What you are asked to do:
Transcribe the entire listing exactly.
--- Record set ---
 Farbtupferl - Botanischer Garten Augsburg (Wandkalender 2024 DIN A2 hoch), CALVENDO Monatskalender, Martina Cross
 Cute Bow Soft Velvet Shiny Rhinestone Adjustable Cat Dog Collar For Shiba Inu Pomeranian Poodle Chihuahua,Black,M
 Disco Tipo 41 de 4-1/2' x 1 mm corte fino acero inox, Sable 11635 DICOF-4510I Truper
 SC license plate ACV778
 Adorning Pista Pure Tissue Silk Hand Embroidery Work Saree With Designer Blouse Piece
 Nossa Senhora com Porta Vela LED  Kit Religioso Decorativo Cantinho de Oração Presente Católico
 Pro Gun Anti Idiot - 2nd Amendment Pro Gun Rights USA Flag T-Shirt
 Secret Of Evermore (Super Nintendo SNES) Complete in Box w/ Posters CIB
---
Written solution:
 Farbtupferl - Botanischer Garten Augsburg (Wandkalender 2024 DIN A2 hoch), CALVENDO Monatskalender, Martina Cross
 Cute Bow Soft Velvet Shiny Rhinestone Adjustable Cat Dog Collar For Shiba Inu Pomeranian Poodle Chihuahua,Black,M
 Disco Tipo 41 de 4-1/2' x 1 mm corte fino acero inox, Sable 11635 DICOF-4510I Truper
 SC license plate ACV778
 Adorning Pista Pure Tissue Silk Hand Embroidery Work Saree With Designer Blouse Piece
 Nossa Senhora com Porta Vela LED  Kit Religioso Decorativo Cantinho de Oração Presente Católico
 Pro Gun Anti Idiot - 2nd Amendment Pro Gun Rights USA Flag T-Shirt
 Secret Of Evermore (Super Nintendo SNES) Complete in Box w/ Posters CIB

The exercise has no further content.